Dorothy Germain Porter (April 3, 1924 – July 20, 2012) was an American amateur golfer.

Born in Philadelphia, Pennsylvania, Dorothy Germain began playing golf at 11. She graduated from Beaver College (now Arcadia University), where she played field hockey. In the early 1940s, Porter won a number of Philadelphia junior and amateur golf championships, and in 1946 she captured the first of her three Pennsylvania Women's Amateurs. She won the Women's Western Amateur in 1943, 1944, and 1967.
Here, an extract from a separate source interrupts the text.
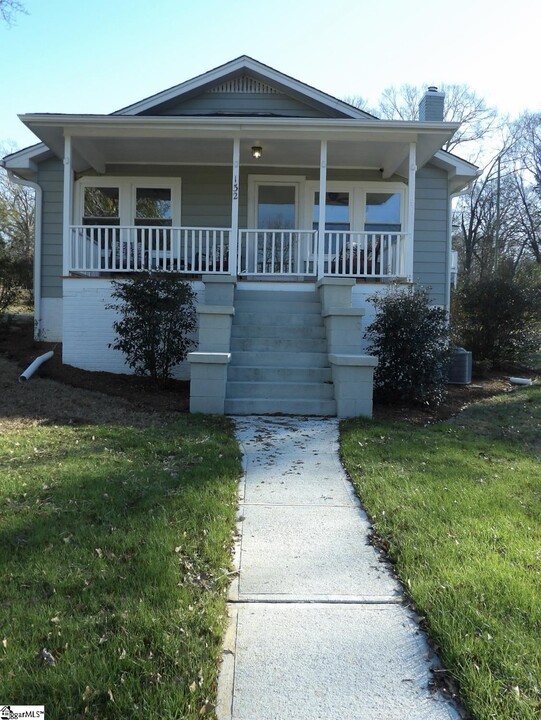 132 E Jones Ave in Pickens, SC - Building Photo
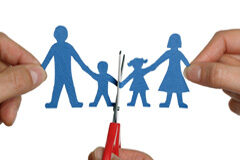 Las medidas previas o “provisionalísimas” de los procesos matrimoniales Tijera cortando un recortable de una familia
In 1949 she won the U.S. Women's Amateur. Porter was a member of the U.S. team that won the 1950 Curtis Cup and captained the 1966 team to victory. In 1977, she became the first Women's Amateur Champion to win the U.S. Senior Women's Amateur. She went on to win the Seniors' title again in 1980, 1981, and 1983.  In 1984, she captained the winning U.S. Espirito Santo Trophy team.

Porter was inducted into the Philadelphia Sports Hall of Fame in 2008.

She was married to Mark A. Porter, an amateur golfer with whom she often played in tournaments, from 1946 until his death in 1996. She was the mother of three children.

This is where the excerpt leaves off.